- **Work order**:
Below are some records. Return exactly their lines from the one containing "Sick patient having" through the one containing "Football Character trophy next to ruler", and drop the pictures.

- **Material for the task**:
--- START ---

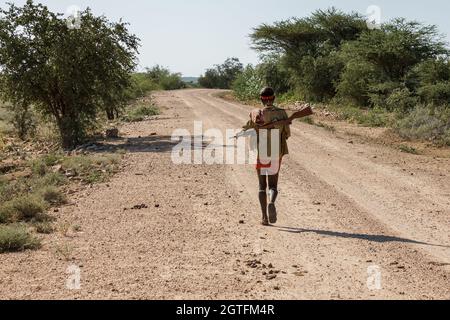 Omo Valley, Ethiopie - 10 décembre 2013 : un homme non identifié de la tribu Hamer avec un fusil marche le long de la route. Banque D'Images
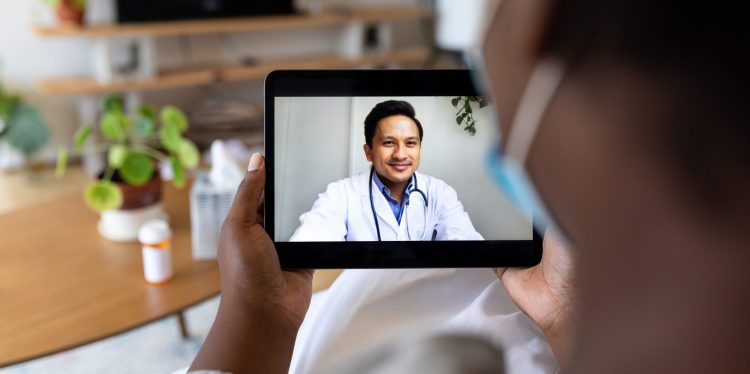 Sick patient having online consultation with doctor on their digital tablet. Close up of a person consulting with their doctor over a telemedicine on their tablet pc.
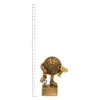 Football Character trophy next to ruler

--- END ---
--- START ---

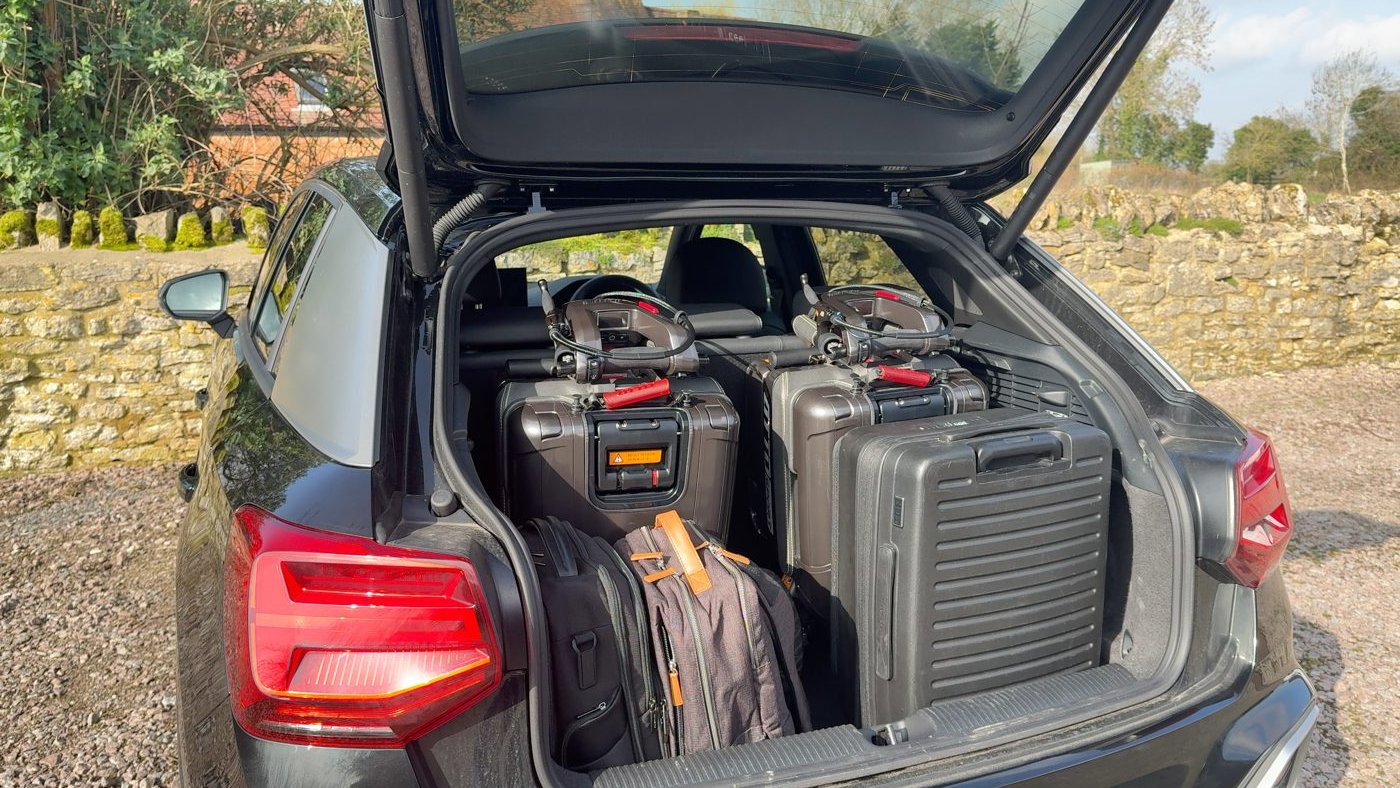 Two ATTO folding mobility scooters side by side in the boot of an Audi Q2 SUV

--- END ---

- **Result of the exercise**:
 Sick patient having online consultation with doctor on their digital tablet. Close up of a person consulting with their doctor over a telemedicine on their tablet pc.
 Football Character trophy next to ruler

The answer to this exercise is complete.